There are two viewpoints when you reach the White Rocks. Our favorite was the north view, which had a grouping of rocks that you could sit on and take amazing photos. The drop was very steep on the other side of the rocks, so be careful if you go up there. Tippa, who is fearless, immediately propped herself on the edge of the cliff. I’m 90% sure that she did this just to make me nervous. Sireen and Gigi must have thought my fear was hilarious because they quickly followed her.
After an extended photo shoot, we went back on the blue blazed trail for another mile. This is when things got confusing. Something about the way the trail posts were marked was very misleading and made it seem like we were about to reach the West View parking lot. So when we walked over a ridge and saw parked cars near a road, we naturally assumed this was the lot at the end of the trail.
If I’d paid closer attention to the trail markers and saw that we were only at “B7” or if I’d read Hiking Upward’s instructions a little more carefully, we could have avoided what came next. Instead, we thought that we’d somehow finished the hike 45 minutes early, exited the parking lot, and started walking along Mount Ephraim Road.
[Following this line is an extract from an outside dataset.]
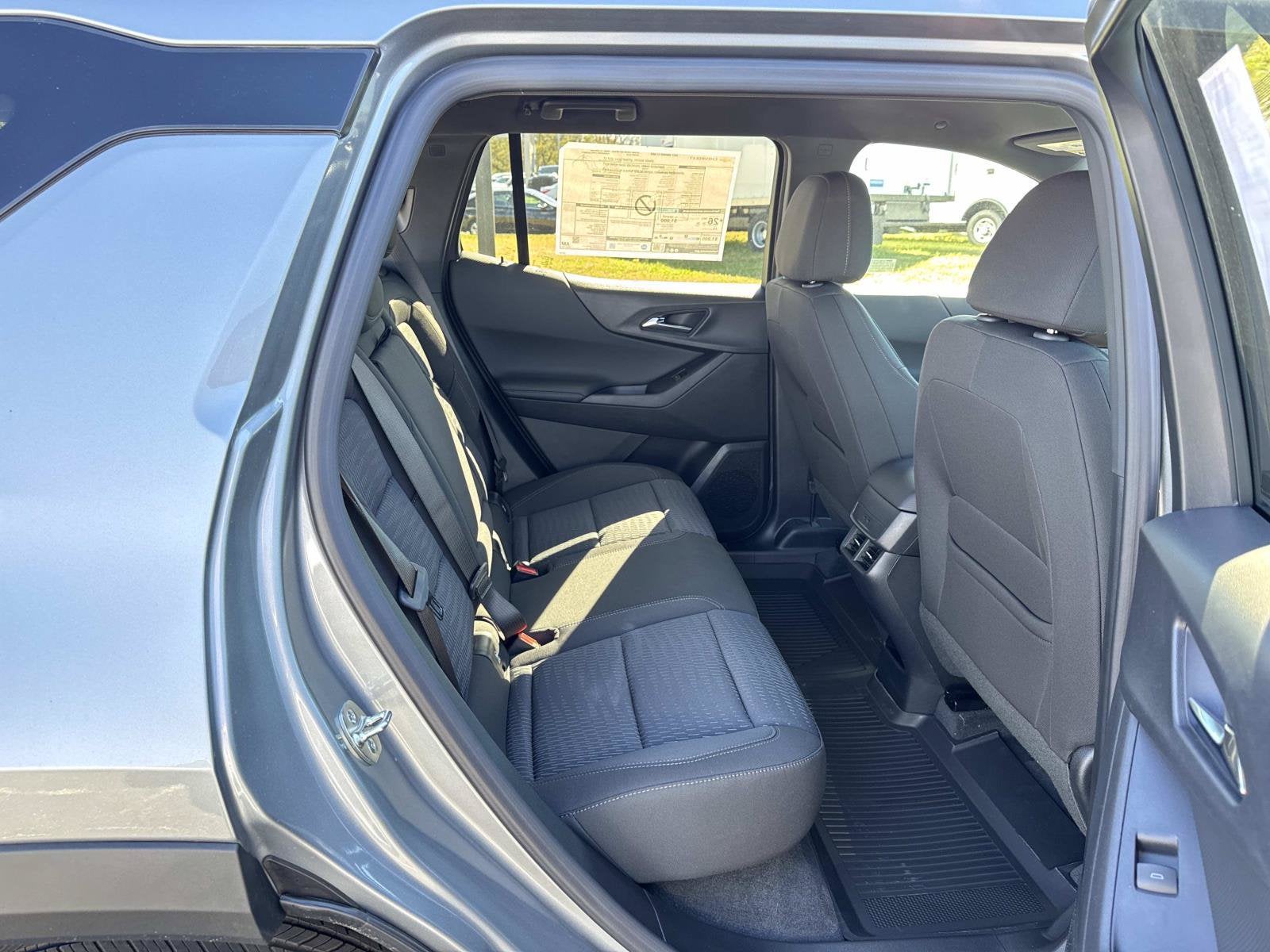 2027 Chevrolet Equinox AWD LT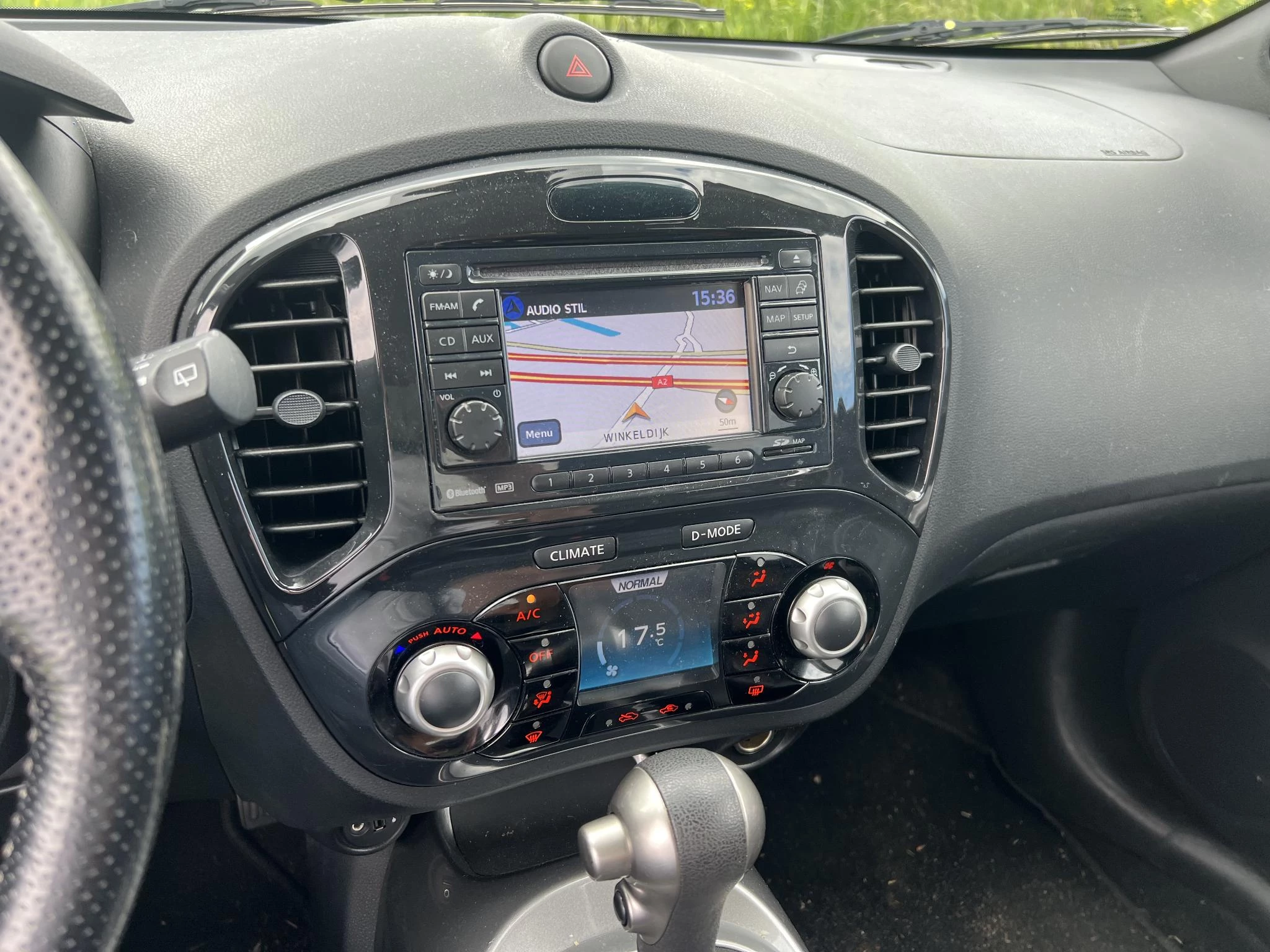 Hoofdafbeelding Nissan Juke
We walked for about 0.4 miles, before another group of girls stopped us to ask for directions. We realized when we were talking to them that we were also lost and decided to turn back. The other girls chose to keep going. No idea what happened to them. They may still be in the woods.
We retraced our steps back to the point where things went awry. When we arrived, most of the cars were gone and it was clear that this space wasn’t actually large enough to be a real parking lot. Argh.
In need of a trail friend to help us, we flagged down an older guy who was accompanied by his trusty dog, Scooter. He confirmed that we were turned around and still a good 30 minutes from the end of the hike. He was heading in the same direction as us, so he offered to be our guide back to the blue blazed trail.
This isn’t the worst snafu to happen to me on a hike, but I think our error took all of us out of the zone. I know I was unusually cranky at this point, and if it wasn’t for the adorable dog distracting me, I probably would have spent the remainder of our hike whining.
Half an hour later, we finally reached the Potomac lot and from there made our way back to the West View and (finally!) the East View parking area. Including our accidental trek on Mount Ephraim Road, the hike took four hours.
Difficulty – 3
Solitude – 3
Fun – 3
Not my favorite hike ever, but the views were great. If you skip the orange trail to the summit in favor of the green or red trails, Sugarloaf is a great option for sedate, but fun, hiking.
After the hike, we had a celebratory meal at MoCo’s Founding Farmers. I felt a little ashamed dragging my stinky self into a nice restaurant, but, man, my meal was tasty. It was the perfect way to end a hiking trip.